_Work to complete_
For the listing below, output exactly the lines from the line with "5735 SW 35th St, Miami, FL 33155 Photo" up to and including the line with "Satılır 3 otaqlı mənzil 150 m²", and no other lines.

*** Opening Data for this exercise ***

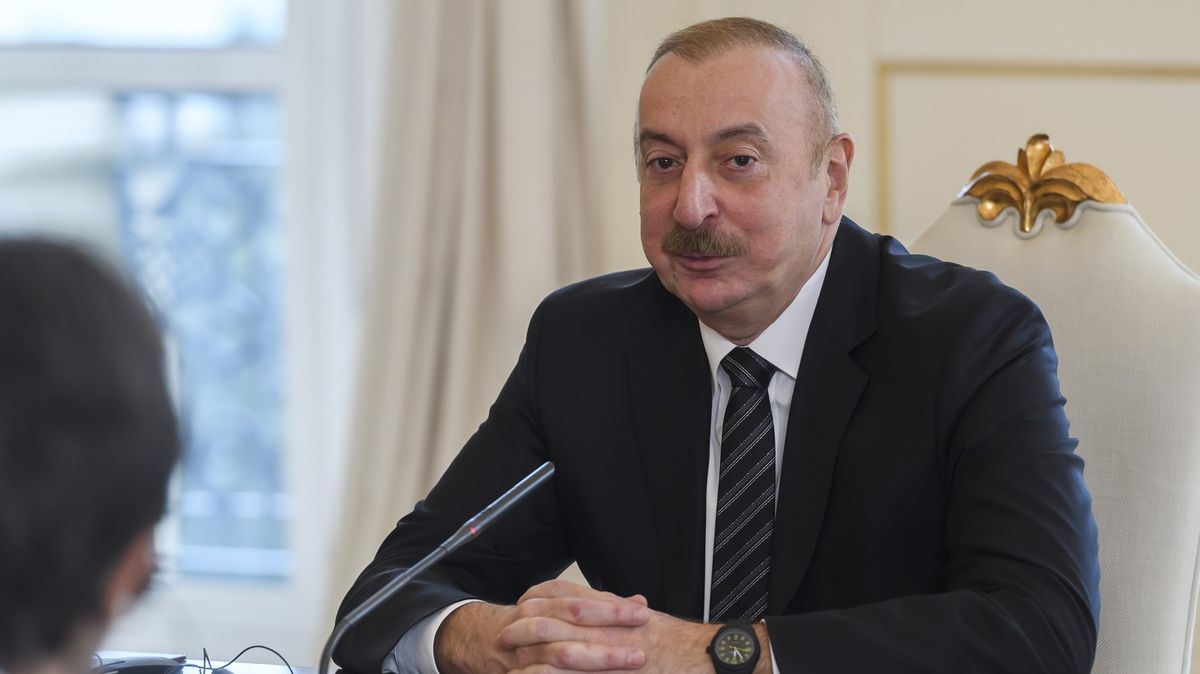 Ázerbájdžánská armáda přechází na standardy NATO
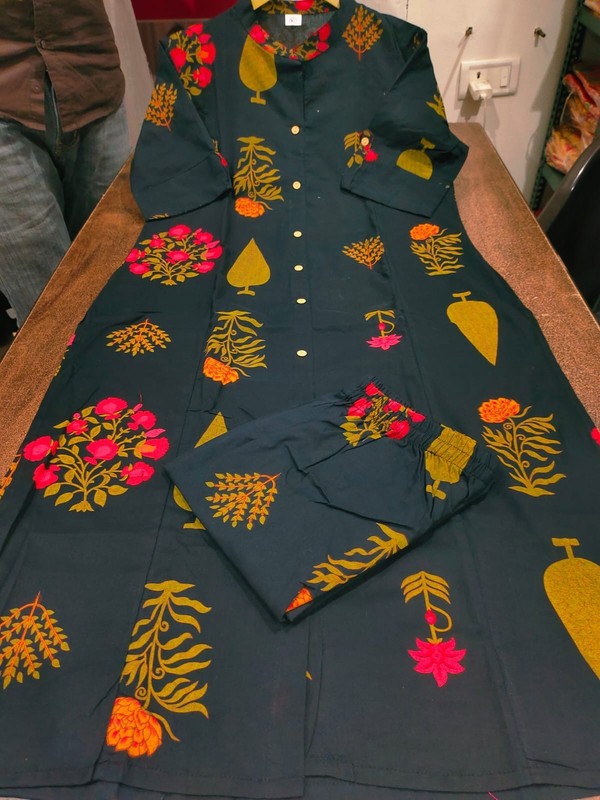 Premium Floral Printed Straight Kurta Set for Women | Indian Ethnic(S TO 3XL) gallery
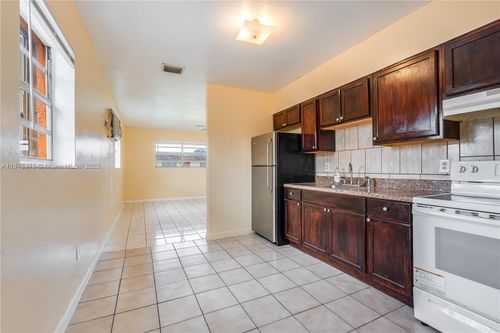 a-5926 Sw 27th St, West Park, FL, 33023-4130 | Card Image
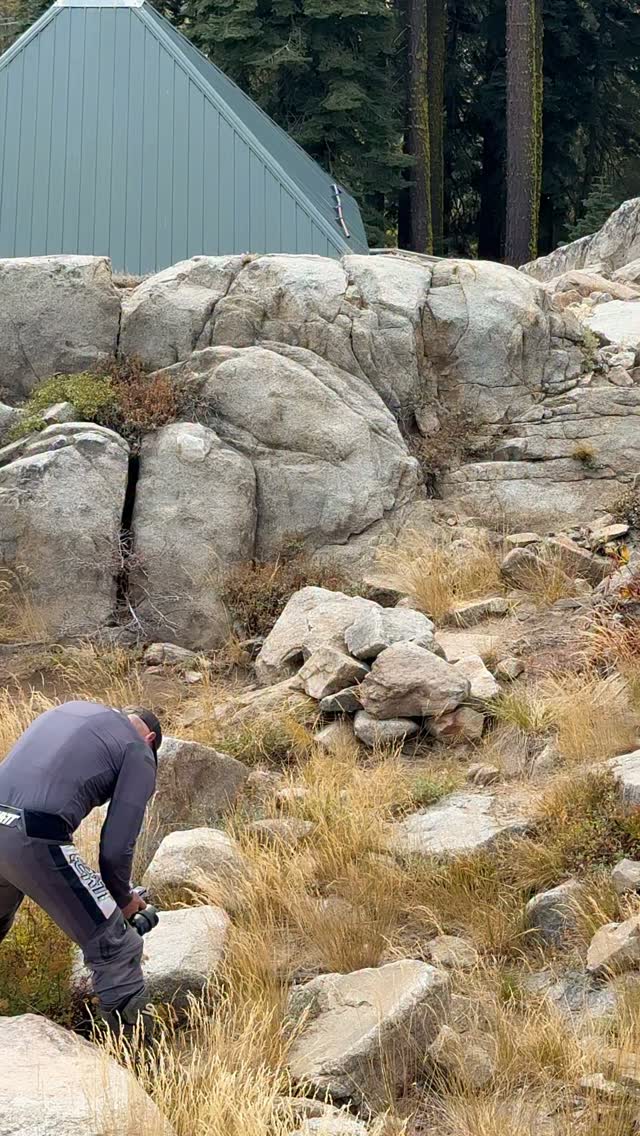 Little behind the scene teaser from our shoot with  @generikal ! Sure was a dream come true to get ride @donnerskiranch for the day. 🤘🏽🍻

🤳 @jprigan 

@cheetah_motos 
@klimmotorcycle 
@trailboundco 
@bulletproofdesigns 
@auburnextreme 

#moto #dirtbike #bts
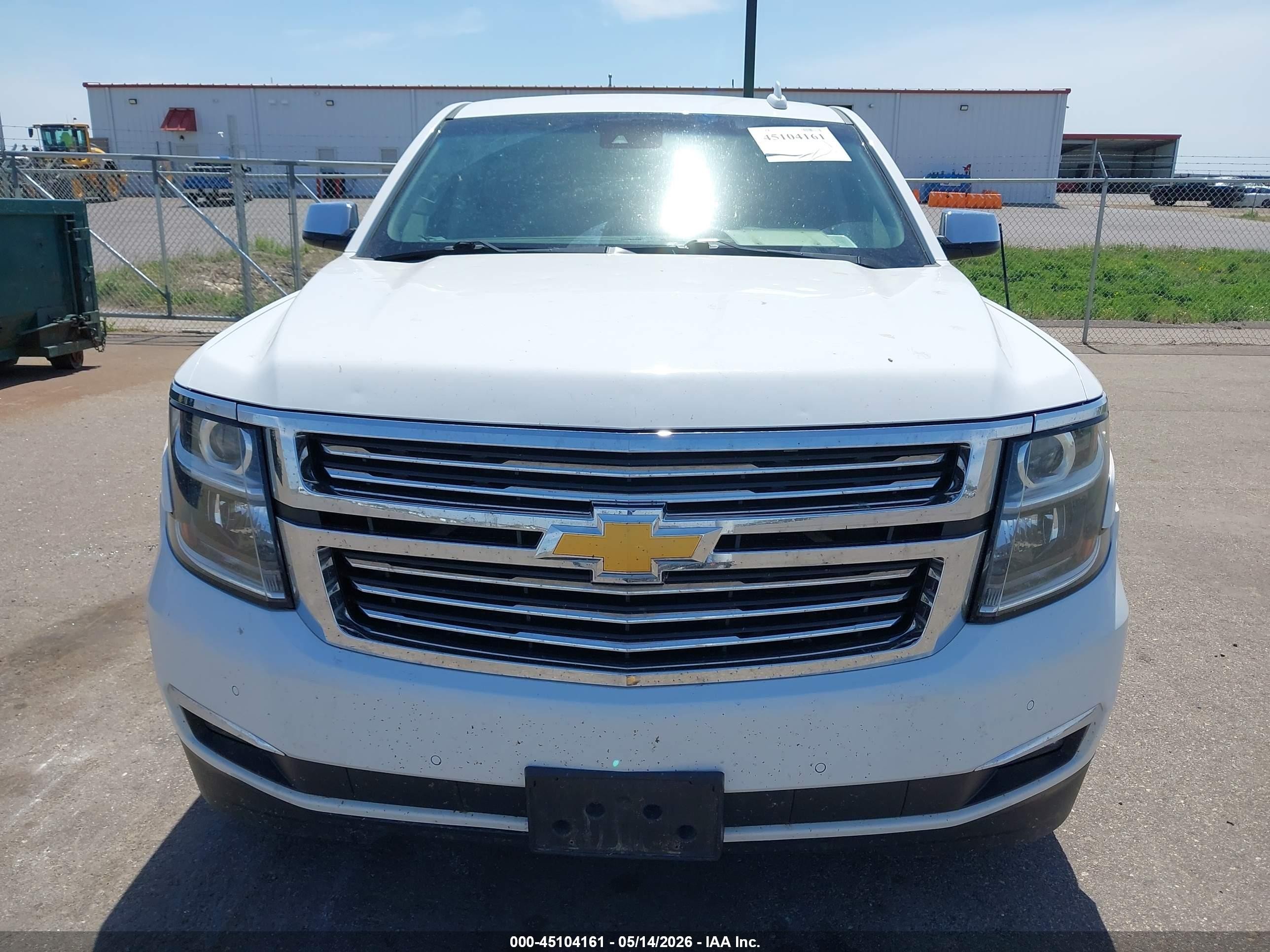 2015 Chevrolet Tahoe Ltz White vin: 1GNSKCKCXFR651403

*** Closing Data for this exercise ***
*** Opening Data for this exercise ***

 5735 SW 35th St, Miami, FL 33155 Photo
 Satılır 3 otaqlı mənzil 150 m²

*** Closing Data for this exercise ***

_Response area_
 5735 SW 35th St, Miami, FL 33155 Photo
 Satılır 3 otaqlı mənzil 150 m²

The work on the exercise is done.